◆ **Data excerpt**
- Opening Delimiter -
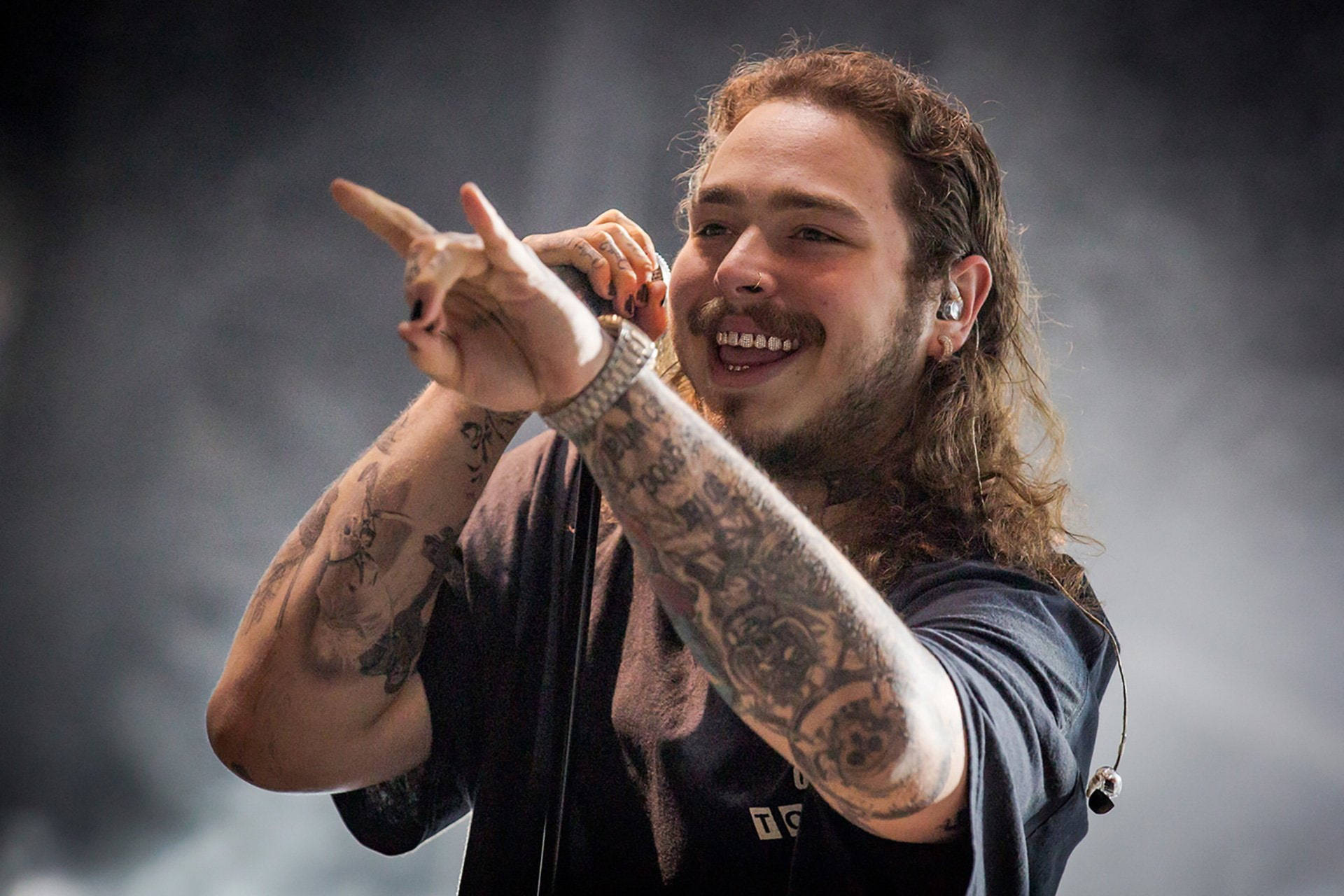1920x1280 Post Malone Background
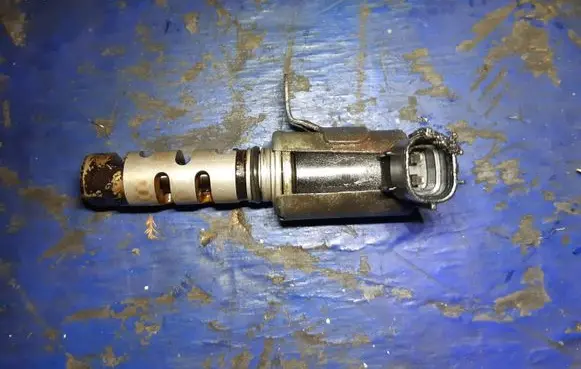 Mitsubishi Lancer X Crankshaft speed sensor 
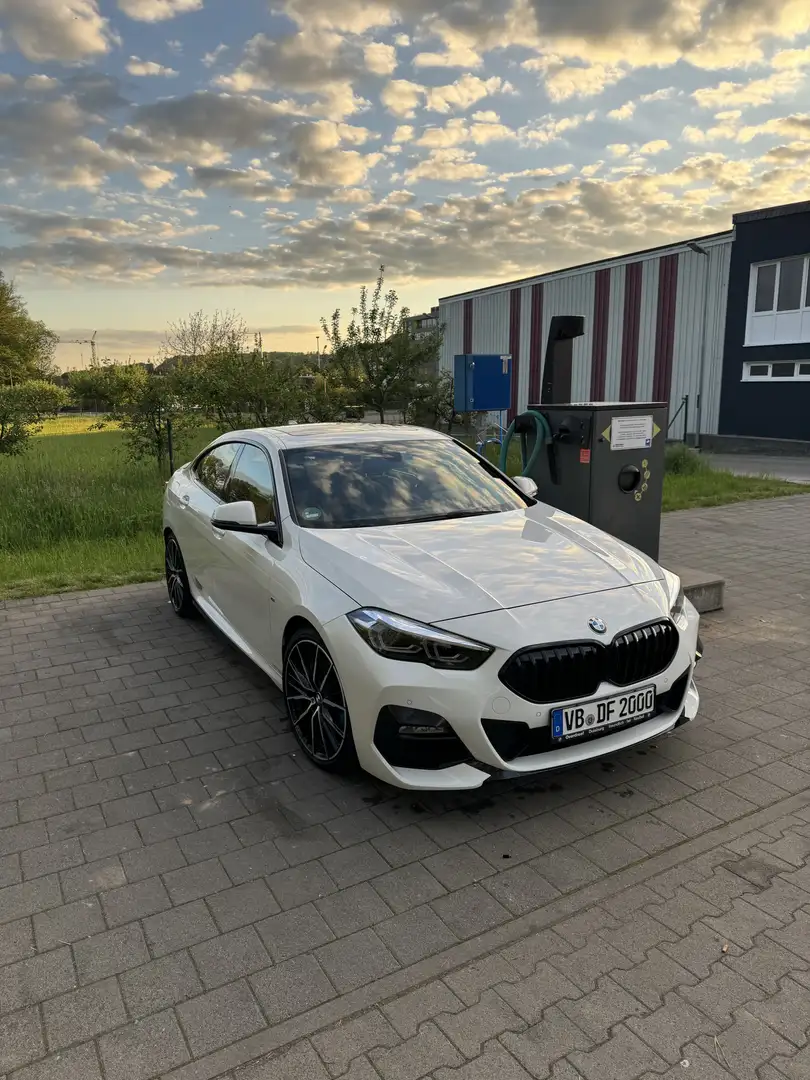 BMW 220 220 d M Sport Gran. Coupé mit 8 Felgen ! Weiß - 2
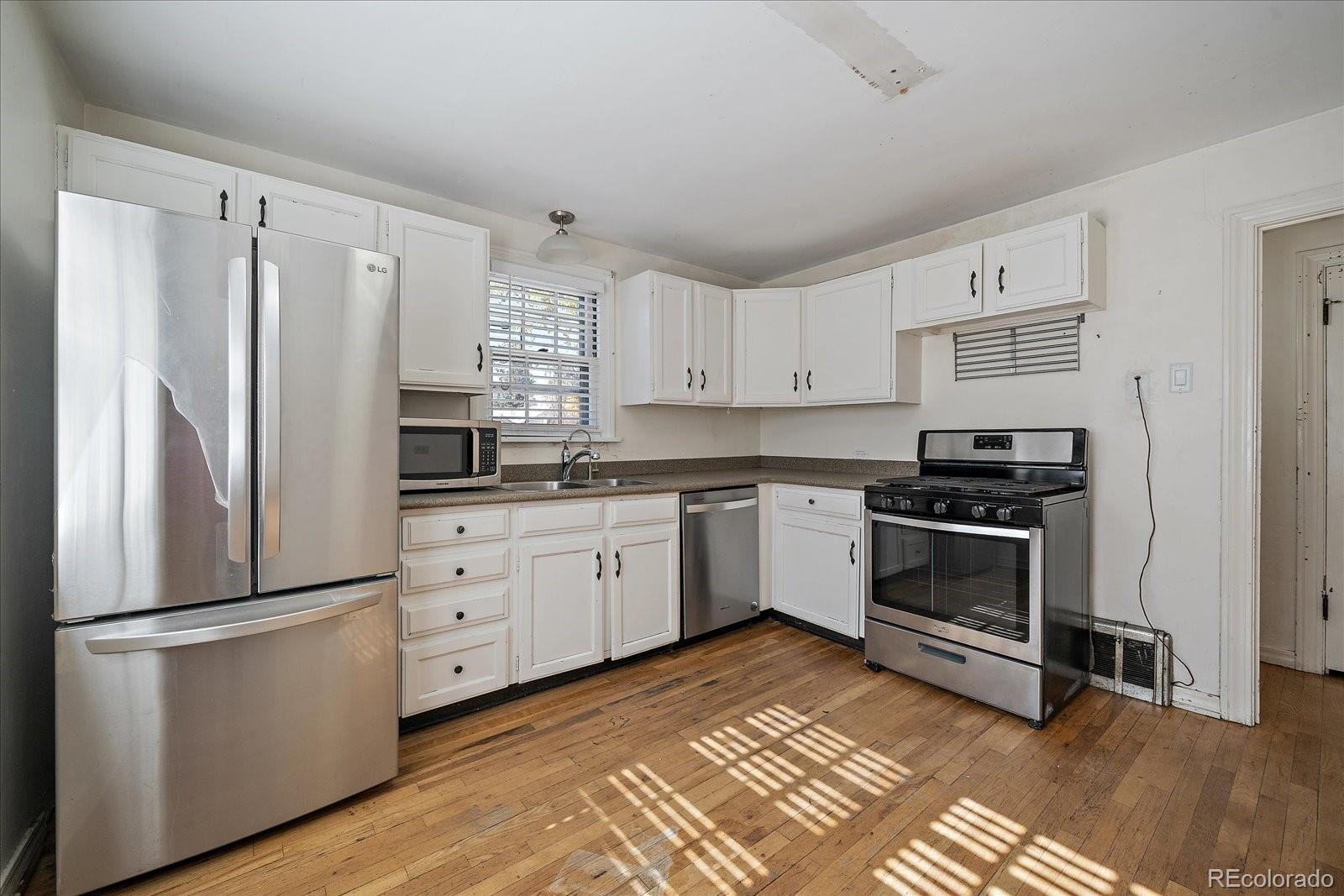 2575 S Lafayette Street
- Closing Delimiter -
◆ **About this exercise**
Omit the pictures, then copy out all the data exactly as it stands.

◆ **Answer area**
1920x1280 Post Malone Background
 Mitsubishi Lancer X Crankshaft speed sensor 
 BMW 220 220 d M Sport Gran. Coupé mit 8 Felgen ! Weiß - 2
 2575 S Lafayette Street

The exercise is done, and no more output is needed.